The wealth destruction is simply incredible. And it’s made us the laughing stock of the world. Europeans and Brits now see the US as a tourist trap where they can come to feel rich. Oil exporting nations have seen their profits explode as the weaker dollar pushed oil through the roof.
Simply put, the dollar is no longer a great store of value. True, it has rallied recently due to the belief that the Fed won’t cut interest rates again—and that other countries will soon start cutting rates to deal with their own financial issues—but until the Fed turns off the liquidity faucet, any rally in the dollar will be brief.
Investors should find a new currency to plunk their money into. And that currency is gold.
The pundits have made a big deal of stocks’ recent rally and gold’s plunge.
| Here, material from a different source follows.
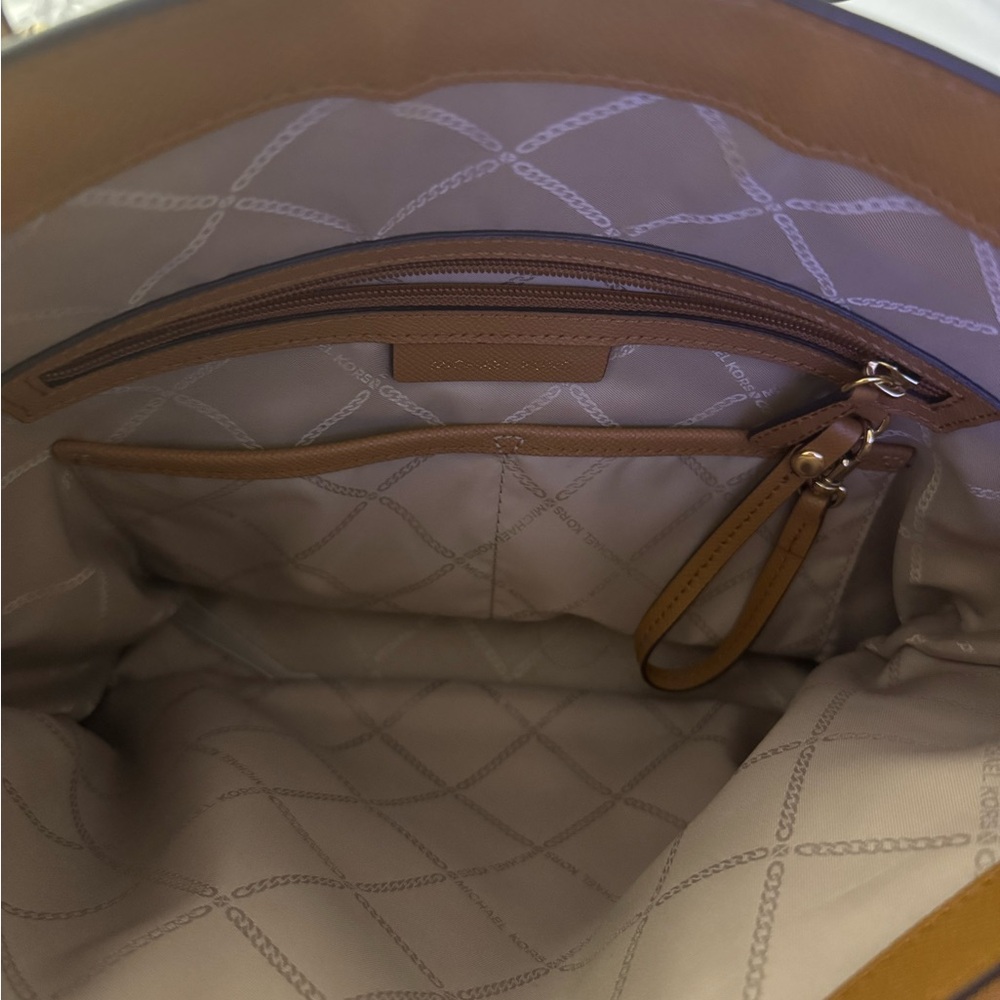 Michael Kors Sheila Large Signature Logo Tote Bag - Picture 4 of 5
However, if you look at the big picture between these two asset classes, it’s clear that stocks are still expensive while gold is quite cheap.
According to Dr Marc Faber, editor of the Gloom Boom Doom report, gold and financial assets move in distinctive long-term trends. Over the last 110 years, this trend has staged six major phases:
- 1900-1929: stocks outperform gold
- 1929-1932: gold outperforms stocks
- 1932-1966: stocks outperform gold
- 1966-1980: gold outperforms stocks
- 1980-2000: stocks outperform gold
- 2000-???: gold outperforms stocks.
Most recently, gold has completely trounced stocks. In fact, based on “real” terms—i.e. the price of gold—stocks actually peaked in 2000 and have since fallen 72%!
And they’re still expensive.
The median stock (as measured by the Dow Jones Industrial Average) to gold ratio over the last 106 years was 5.4. In other words, during the 20th century, on average 5.4 ounces of gold would buy one unit of the DJIA.
Today, it takes more than 12 ounces of gold to buy one unit of the DJIA. So in spite of gold’s mammoth rise from $250 to $860, the precious metal is still quite cheap relative to stocks.
So while the mainstream financial media and the Federal Reserve might be proclaiming an end to the commodity boom and the beginning of a new bull market in stocks, I don’t buy it. In real terms, stocks are anything but cheap. Gold on the other hand, is clearly undervalued.
And thanks to this recent dip, it’s gotten even cheaper.